Lee brings personal experience to minority recruitment

Feeling sympathetic toward white male medical school applicants who claim that discrimination kept them from getting into their school of choice is not easy for Bob Lee, associate dean and director of Minority Affairs in the School of Medicine. Lee grew up in a time and place where the thought of a young African American going on to become a doctor was, in his words, "pie in the sky."

"I was the only black student in my high school class to graduate from the college prep curriculum," said Lee. "I remember going to the college counseling session for the college prep group of students. The counselor looked at me and asked what I was doing there. I told her I was there for my college counseling. I didn't know what the route to college was because no one in my family had ever gone."

Lee's counselor said she didn't have time to talk with him individually because she had a meeting to attend. Instead, she hurriedly offered him a brochure on Howard University and suggested that he might want to apply there.

Opening doors
Those memories remain fresh in Lee's mind as he works to recruit African American and other minority students to apply for admission to Emory's medical school. "We are very much about the business of helping students of color gain access to medical education," Lee said. "We are charged with telling the story of Emory and getting the word out to prospective students of color. I see Emory as a school that embraces its students. We are here to encourage, support, direct and sometimes chastise students, but all in a spirit of promoting their well being."

Lee came to Emory two years ago after 22 years in minority student affairs at the University of Washington in St. Louis. The number of African American applicants to the medical school increased from 525 the year before he came Emory to 752 his first year. Last year that number exceeded 800.

Making as many minority students as possible aware that medicine is an option for them is crucial, said Lee, who holds an adjunct faculty appointment in the medical school. "Even in 1996, out of any 100 students of color who start medical school nationwide, probably no more than eight or nine come from a household where either parent is a physician," he said. "Usually if the parent is college educated, they are first and foremost teachers. But we still have a very large percentage of applicants of color for whom neither parent has gone to college and the applicant is the first one in the family to consider medicine at the physician level."

The picture for the typical white medical school applicant is very different, Lee said. "Out of 100 white students applying to or entering medical school, you can expect 30 or more to have come from a medical family at the physician level. So the students of color we are dealing with are people who are breaking new ground and thus may not know all the routes to follow. That's why I am always concerned when there are vocal and/or successful legal challenges to the work that we do. When I hear those intonations of, `I`ve been discriminated against because I'm a white male,' I just don't bleed many corpuscles. Even after 25 years of minority recruitment in medical education, out of 75,000 physicians in the United States, African Americans still account for less than 10,000."

A national leader
Lee's efforts in diversifying the medical profession have not been limited to his administrative roles at Washington and Emory. He has served as regional director, national vice chair and national chair for the Minority Affairs section of the Association of American Medical Colleges (AAMC). He also is a founding member of the National Association of Minority Medical Educators (NAMME), which was founded in 1975 after a white male medical school applicant claimed he was a victim of reverse discrimination in admissions.

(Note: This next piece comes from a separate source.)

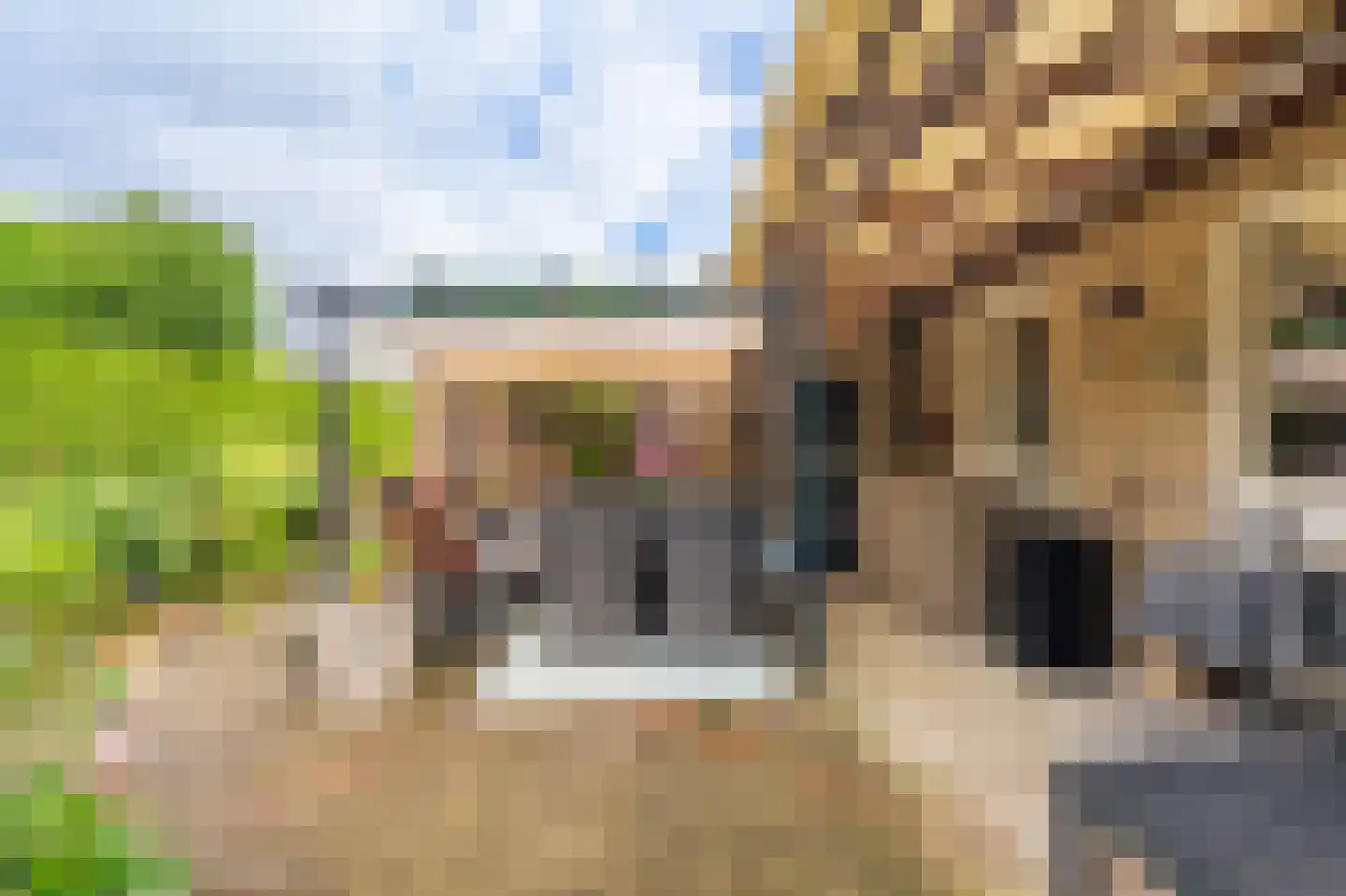 Beukenlaan 2 Blijham thumbnail 13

"We really developed NAMME as a split from AAMC during that time," Lee recalled. "The AAMC was saying that their national body was the only spokesperson on the topic. But we were saying, `Wait a minute. We're the people working in the trenches.' And we also thought the AAMC was just being mealy-mouthed. So a group of us retired to our own suite and formed an organization right on the spot that became NAMME. In speaking out in defense of minority education and against the lawsuit the student had brought, we were able to speak forthrightly. But of course we were wearing our NAMME hat, and there was nothing AAMC could do to silence us, which led to some consternation on the part of AAMC."

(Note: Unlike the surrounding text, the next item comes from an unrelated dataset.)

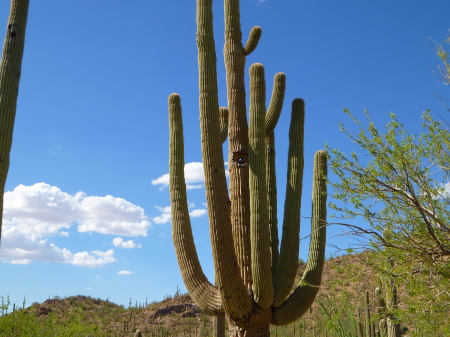 Starr Guckert's album, Arizona Desert, Summer 2010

Within the NAMME organization, Lee has served as regional vice director, regional director and national vice president. He also is serving as chair of Emory's President's Commission on the Status of Minorities for 1996-97.

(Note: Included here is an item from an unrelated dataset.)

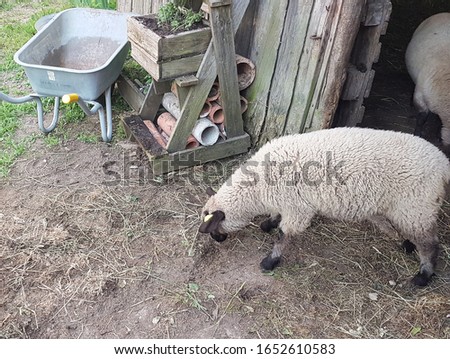 Sheep in the backyard sniffing around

Even at the age of 51, Lee is still somewhat awestruck at successes such as NAMME, particularly having been the ninth child of a coal truck driver and a domestic, neither of whom finished high school. "I feel blessed not only to have achieved through the encouragement of a lot of people, but also to be able to pay back that debt. If I can give hope, encouragement and direction to the young people who walk through my door, then I am very fortunate and blessed."